• Source material
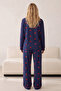 Navy Blue Red Heart Patterned Buttoned Ribbed Oversize Cotton Knitted Pajama Set 8071 - 3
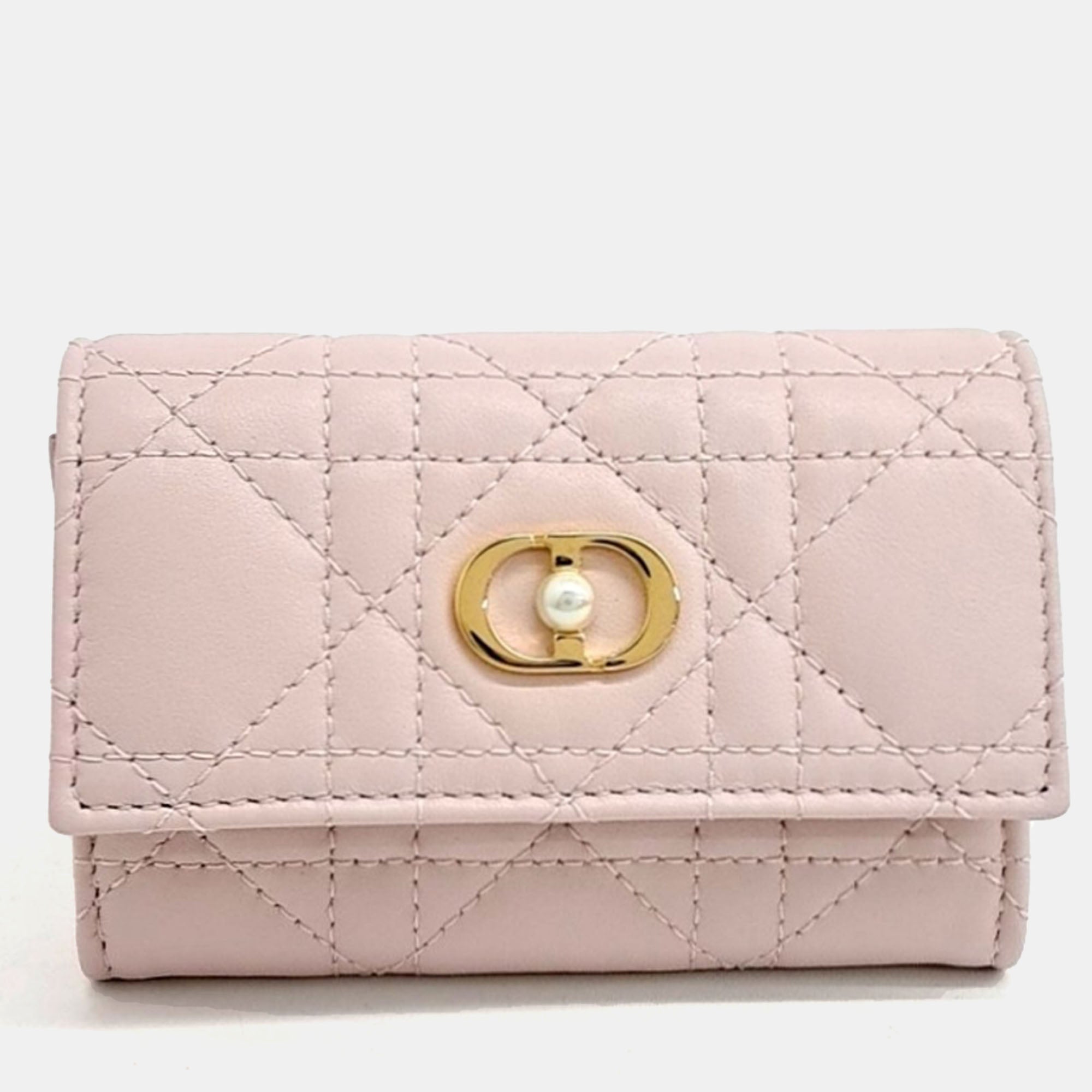 Dior Pink Leather Jolie Glycine Card Holder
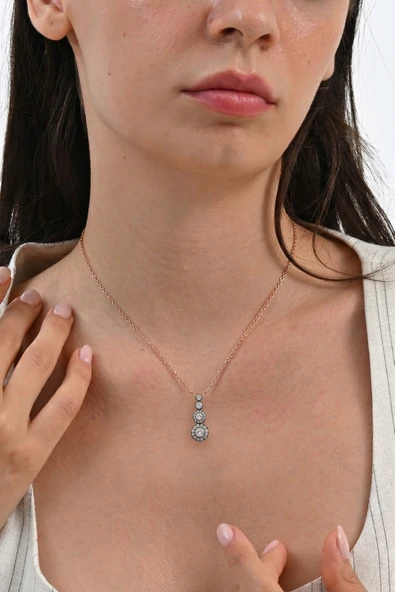 925 Ayar Gümüş Kolye Rose Gold Tria Kolye - Elmas Montürlü Sonsuzluk Işıltılı Kadın Kolye SGTL13342ROSE ürün görseli 1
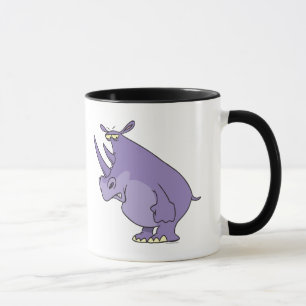 Caneca lindo rinoceronte roxo bobo cartoon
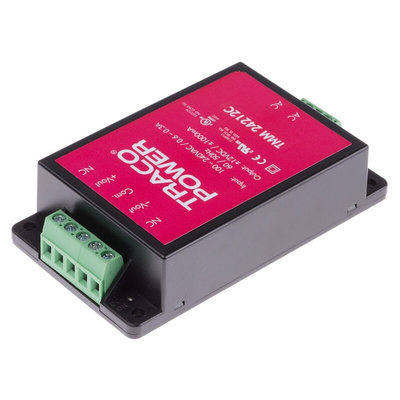 TRACOPOWER Switching Power Supply, TMM 24212C, ±12V dc, ±1A, 24W, 1 Output, 85 → 264V ac Input Voltage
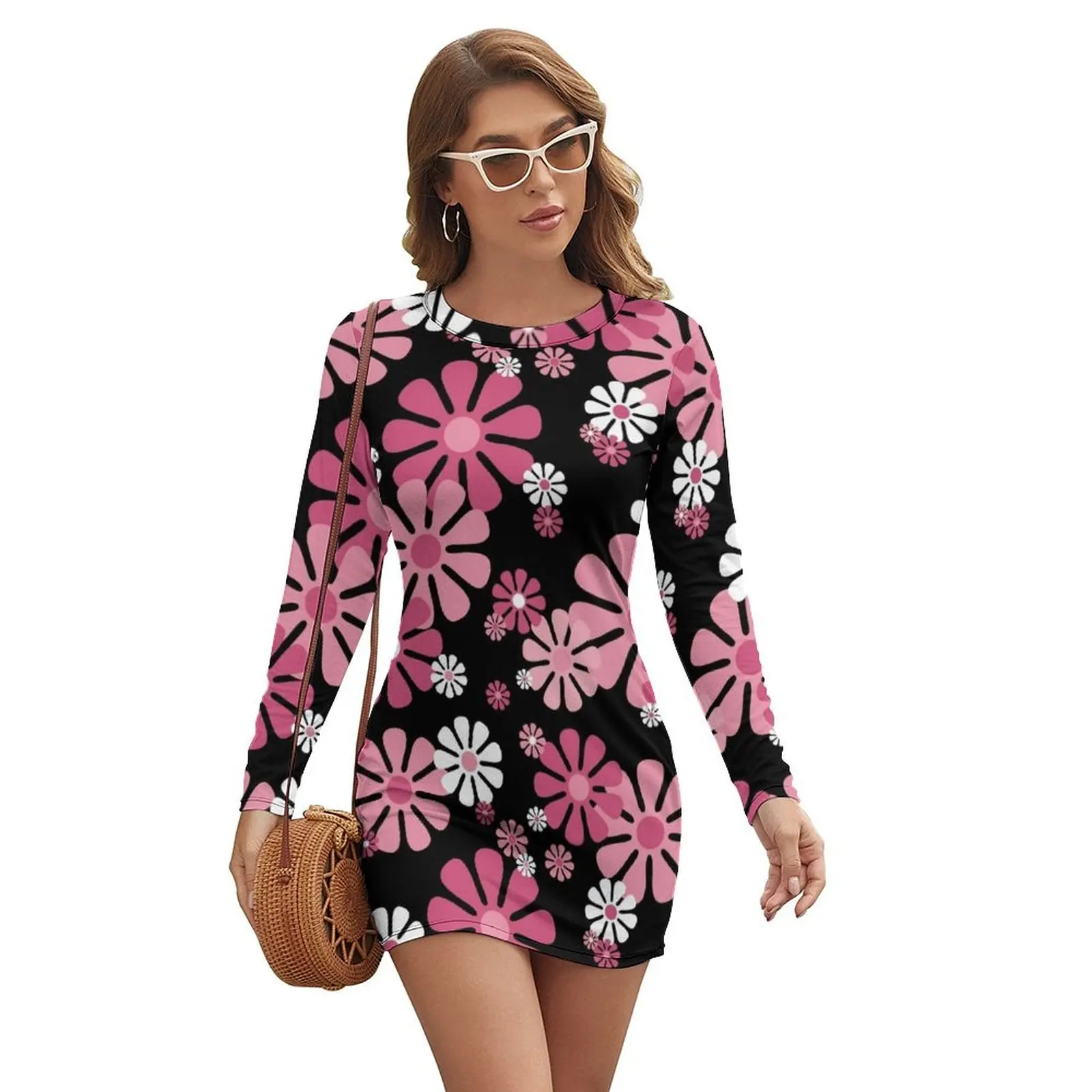 1960's Retro Flowers in Pink and White - Mod Abstract Long-sleeved Dress dress prom dresses dress for women summer 
1960's Retro Flowers in Pink and White - Mod Abstract Long-sleeved Dress dress prom dresses dress for women summer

• Work task
Every line from the one holding "TRACOPOWER Switching Power" through the final line of the data above is to be reproduced exactly, both ends included, with the pictures left out.

• Task solution
 TRACOPOWER Switching Power Supply, TMM 24212C, ±12V dc, ±1A, 24W, 1 Output, 85 → 264V ac Input Voltage
 1960's Retro Flowers in Pink and White - Mod Abstract Long-sleeved Dress dress prom dresses dress for women summer 
1960's Retro Flowers in Pink and White - Mod Abstract Long-sleeved Dress dress prom dresses dress for women summer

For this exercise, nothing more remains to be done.